Segment Open

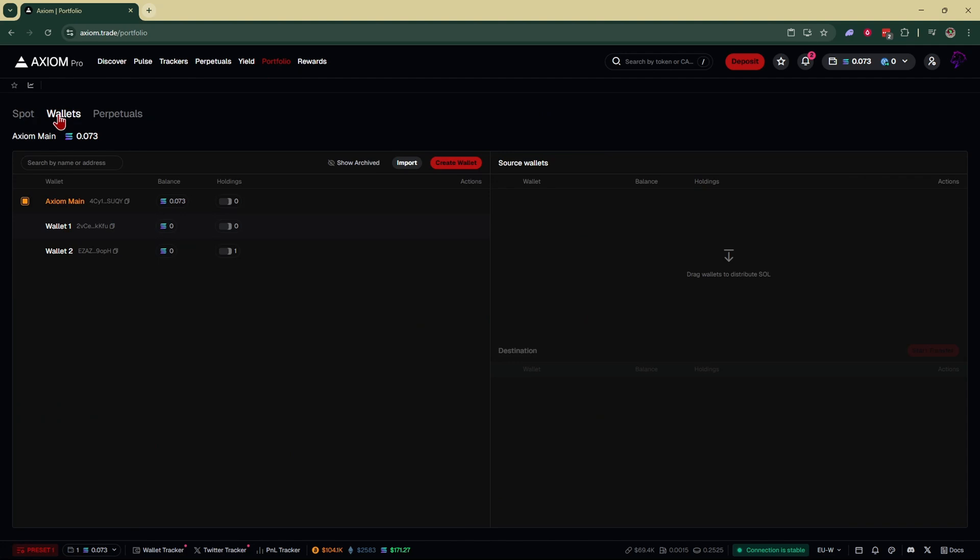From here, make sure you have wallets selected, and that's going to bring up your wallets. Right next to your main wallet where you have your funds, go right over here and click on this little rocket ship to activate turbo mode.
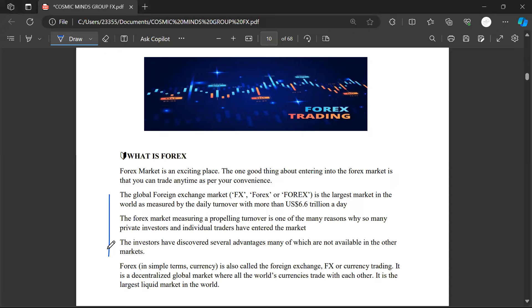The global foreign exchange — Forex — another name for Forex is FX or foreign exchange. The full meaning of Forex is foreign exchange. You are transacting your local currency with another currency from another country or nation. That is what it's called — foreign exchange. It's as simple as that.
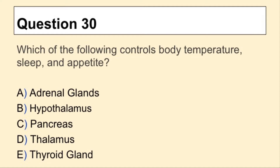Question 30. Which of the following controls body temperature, sleep and appetite?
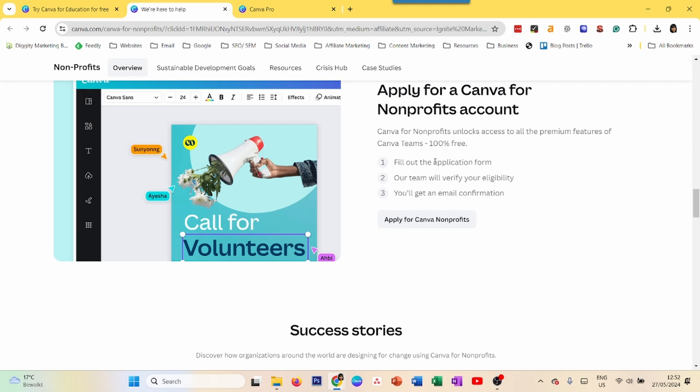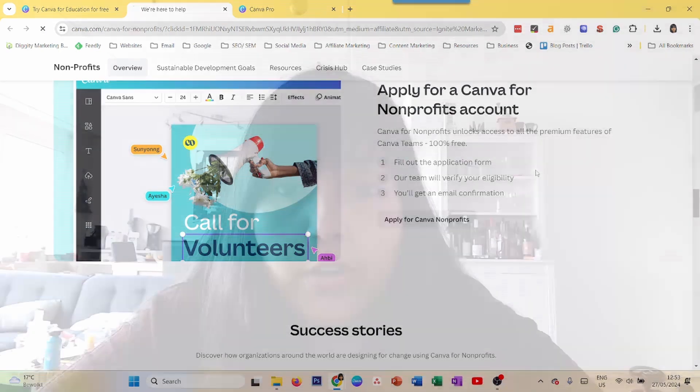So we covered three ways to get Canva Pro for free: a free trial, Canva for Education, and Canva for non-profits. Now, there are a lot of websites on the internet which tell you how to get Canva Pro for free by pretending you're in the education sector when you're really not — like using a .edu email address or a temporary email address. These are all shady ways to get Canva Pro for free forever.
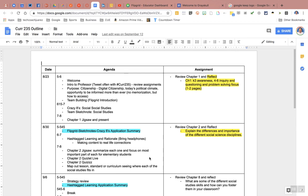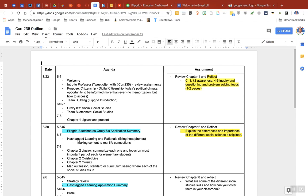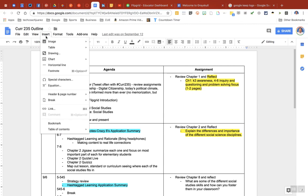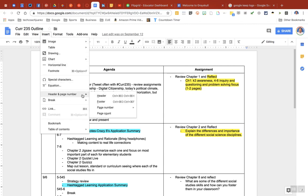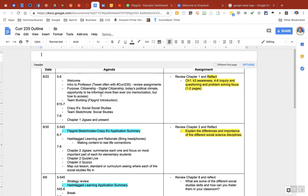Here's a quick tip on how to add a header in Google Docs. What we're going to do is come up here to Insert, go down to Header, and click on Header right here — and that gives me a header.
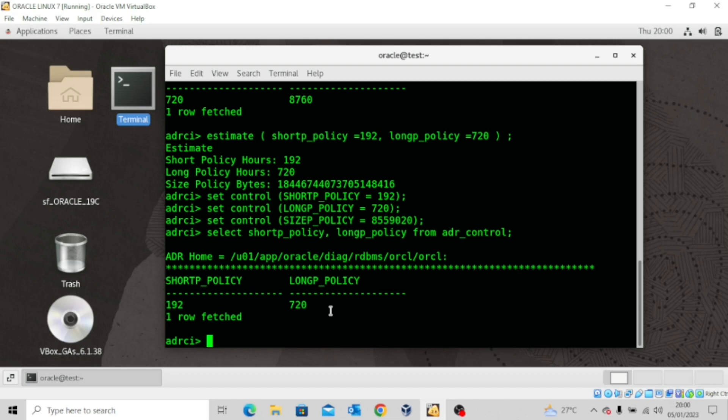This is how you automate the retention policy for your trace files. For the short policy, once it reaches 8 days the oldest entries will be deleted first. For the long policy, once it reaches 30 days the oldest entries are deleted first — it always starts deleting from the oldest entry.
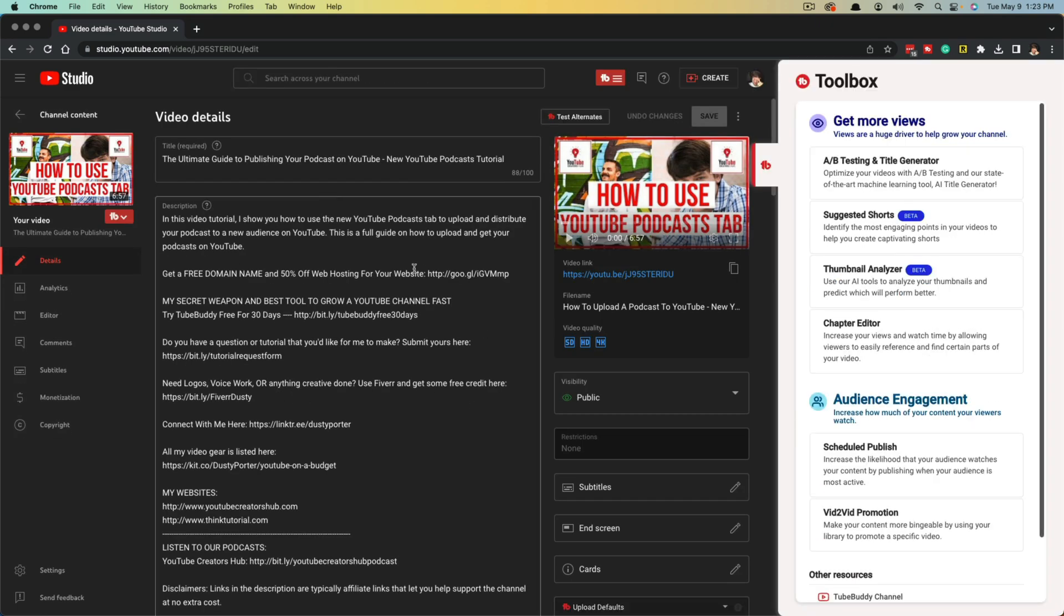Once I'm here, if I have TubeBuddy installed—if you don't, it's absolutely free for 30 days. If you use our link, you can try it out for free for 30 days. It'll take you right to where you can download the browser extension and you can be up and running in less than five minutes.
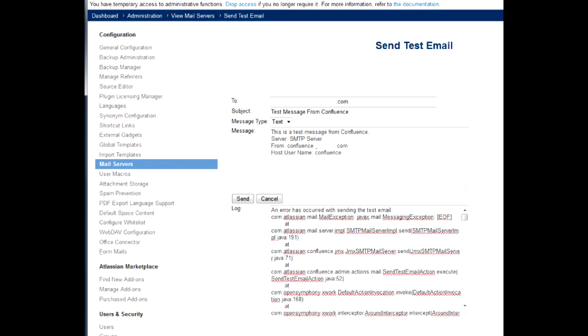Prior to version 5, Confluence doesn't support authentication, so mail could be sent via relay only.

Segment Closed

§ **TASK TO COMPLETE**
Transcribe the listing verbatim, pictures excluded.

§ **PROBLEM SOLUTION**
From here, make sure you have wallets selected, and that's going to bring up your wallets. Right next to your main wallet where you have your funds, go right over here and click on this little rocket ship to activate turbo mode.
The global foreign exchange — Forex — another name for Forex is FX or foreign exchange. The full meaning of Forex is foreign exchange. You are transacting your local currency with another currency from another country or nation. That is what it's called — foreign exchange. It's as simple as that.
Question 30. Which of the following controls body temperature, sleep and appetite?
So we covered three ways to get Canva Pro for free: a free trial, Canva for Education, and Canva for non-profits. Now, there are a lot of websites on the internet which tell you how to get Canva Pro for free by pretending you're in the education sector when you're really not — like using a .edu email address or a temporary email address. These are all shady ways to get Canva Pro for free forever.
Here's a quick tip on how to add a header in Google Docs. What we're going to do is come up here to Insert, go down to Header, and click on Header right here — and that gives me a header.
This is how you automate the retention policy for your trace files. For the short policy, once it reaches 8 days the oldest entries will be deleted first. For the long policy, once it reaches 30 days the oldest entries are deleted first — it always starts deleting from the oldest entry.
Once I'm here, if I have TubeBuddy installed—if you don't, it's absolutely free for 30 days. If you use our link, you can try it out for free for 30 days. It'll take you right to where you can download the browser extension and you can be up and running in less than five minutes.
Prior to version 5, Confluence doesn't support authentication, so mail could be sent via relay only.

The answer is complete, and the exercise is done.